Newly discovered Velasquez donated to the Prado

December 14 2016

Image of Newly discovered Velasquez donated to the Prado

Picture: Museo Prado

A new body called the American Friends of the Prado has acquired a recently discovered portrait of Philip III of Spain by Velasquez. The picture was found by the celebrated Velasquez scholar William B. Jordan, who has donated it to the AFP. Here's the full story from the Prado's press release:

The first donation received by American Friends of the Prado Museum, on this occasion made by the art historian William B. Jordan, has entered the Museo del Prado as a long-term deposit. This is a previously unpublished Portrait of Philip III, which exhaustive research and technical analysis have confirmed to be an autograph painting by Velázquez. It will be exhibited at the Prado as a temporary, renewable deposit.

The work is a preparatory painting for the face of Philip III executed by Velázquez in relation to his composition The Expulsion of the Moriscos, executed in 1627 but destroyed by the fire in the Real Alcázar in Madrid in 1734 and only known from written descriptions as no copy of it has survived. 

The addition of this work to the Museum’s collections as a long-term deposit will contribute to completing its representation of Velázquez as a royal portraitist, given that it is a work of outstanding quality and previously unpublished in the scholarly literature.
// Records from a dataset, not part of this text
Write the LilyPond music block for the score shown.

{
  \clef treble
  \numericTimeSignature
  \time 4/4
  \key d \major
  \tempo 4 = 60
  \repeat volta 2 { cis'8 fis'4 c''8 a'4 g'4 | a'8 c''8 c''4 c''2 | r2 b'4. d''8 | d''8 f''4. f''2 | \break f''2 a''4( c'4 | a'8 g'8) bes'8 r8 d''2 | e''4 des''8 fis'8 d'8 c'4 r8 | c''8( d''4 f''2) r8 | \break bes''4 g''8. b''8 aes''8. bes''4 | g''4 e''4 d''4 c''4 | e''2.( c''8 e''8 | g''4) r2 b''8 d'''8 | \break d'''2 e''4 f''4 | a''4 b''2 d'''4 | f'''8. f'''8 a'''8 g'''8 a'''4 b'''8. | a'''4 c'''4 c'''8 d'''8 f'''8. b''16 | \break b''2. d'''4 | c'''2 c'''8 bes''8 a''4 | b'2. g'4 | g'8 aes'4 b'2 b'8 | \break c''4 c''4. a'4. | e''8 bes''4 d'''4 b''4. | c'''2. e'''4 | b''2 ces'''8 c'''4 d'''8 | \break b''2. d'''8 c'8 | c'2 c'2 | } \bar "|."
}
As such, it will help to cast light on one of the key works of the artist’s early period at court.

The painting was acquired by William B. Jordan on the London art market, where it was catalogued as a Portrait of don Rodrigo Calderón due to a false inscription at the top. Following its restoration, Dr Jordan studied the painting, leading him to consider the idea that it is a work by Velázquez, specifically a preparatory painting for the face of Philip III in The Expulsion of the Moriscos. 
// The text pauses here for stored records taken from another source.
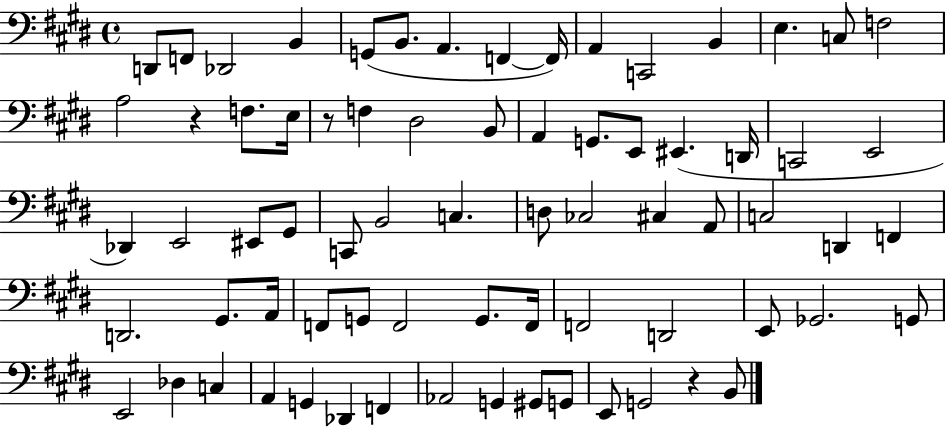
{
  \clef bass
  \time 4/4
  \defaultTimeSignature
  \key e \major
  d,8 f,8 des,2 b,4 | g,8( b,8. a,4. f,4~~ f,16) | a,4 c,2 b,4 | e4. c8 f2 | \break a2 r4 f8. e16 | r8 f4 dis2 b,8 | a,4 g,8. e,8 eis,4.( d,16 | c,2 e,2 | \break des,4) e,2 eis,8 gis,8 | c,8 b,2 c4. | d8 ces2 cis4 a,8 | c2 d,4 f,4 | \break d,2. gis,8. a,16 | f,8 g,8 f,2 g,8. f,16 | f,2 d,2 | e,8 ges,2. g,8 | \break e,2 des4 c4 | a,4 g,4 des,4 f,4 | aes,2 g,4 gis,8 g,8 | e,8 g,2 r4 b,8 | \break \bar "|."
}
Among the reasons that have led Dr Jordan to defend this attribution are: 
Philip III appears to be aged around 40 in the painting, his age in 1609 when the moriscos were expelled from Spain. 

Stylistically, the work necessarily dates from later than 1609. It must have been produced between 1623, when Velázquez arrived at court and introduced a new style of royal portrait that corresponds to that of this work, and 1631, when he returned from Italy and adopted a notably different portrait style.

The fact that Philip III is in profile and looking up indicates that this is not a portrait (in which the sitter normally looks straight ahead) but an image to be included in a narrative scene.

The fact that the work’s characteristics are not comparable to the styles of the other portraitists working at the court in the 1620s, such as Van der Hamen, Maíno, Diricksen, etc. 

A study of written descriptions of The Expulsion of the Moriscos suggest that the portrait of Philip III in that scene had a similar expression to this one and was looking in the same direction. 

Again, a study of those descriptions led Dr Jordan to consider the idea that The Expulsion of the Moriscos was conceived as a pendant to Titian’s painting of Philip II offering the Infante don Fernando to Victory (Museo del Prado), which hung in the same room (the Salón Nuevo in the Alcázar) for which Velázquez’s work was painted. This idea led him to compare the portrait of Philip II in Titian’s work with that of Philip III in the present painting; a comparison that revealed numerous points of comparison with regard to the size and pose of the portraits.